Nurseta Satria Karang Tirta Karya Kho Ping Hoo di http://ceritasilat-novel.blogspot.com by Saiful Bahri Situbondo

   
Kata Narotarna dan para senopati yang hadir di situ menyatakan setuju.

   "Baiklah, kalau begitu, kami menyerahkan kekuasaan kepada Andika, Kakang Patih, untuk memimpin para senopati, perwira, dan pasukan untuk menyerang dan menaklukkan mereka agar lain kali mereka tidak akan berani mengganggu kita lagi. Nah, buatlah persiapan secukupnya dan segera berangkat!"
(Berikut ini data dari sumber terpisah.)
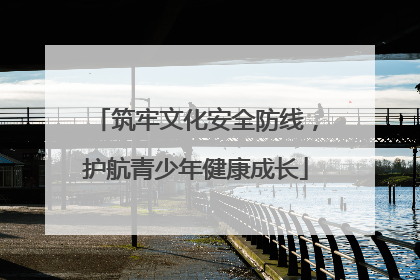 筑牢文化安全防线，护航青少年健康成长
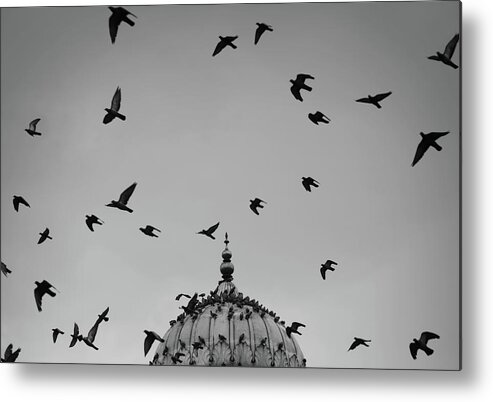 Minimalism Metal Print featuring the photograph Dome versus Flying Birds by Prakash Ghai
   Lega juga hati Narotarna ketika dia diserahi kekuasaan untuk memimpin penyerangan karena dengan demikian, tentu saja dia dapat melewati Parang Siluman atau setidaknya menunda niat penyerangan Kahuripan ke Parang Siluman. Setelah mempersiapkan pasukan yang cukup besar, Ki Patih Narotarna mengundang para senopati dan perwira bawahannya dan memberitahu bahwa yang pertama kali mereka serang adalah Kerajaan Wura-wuri.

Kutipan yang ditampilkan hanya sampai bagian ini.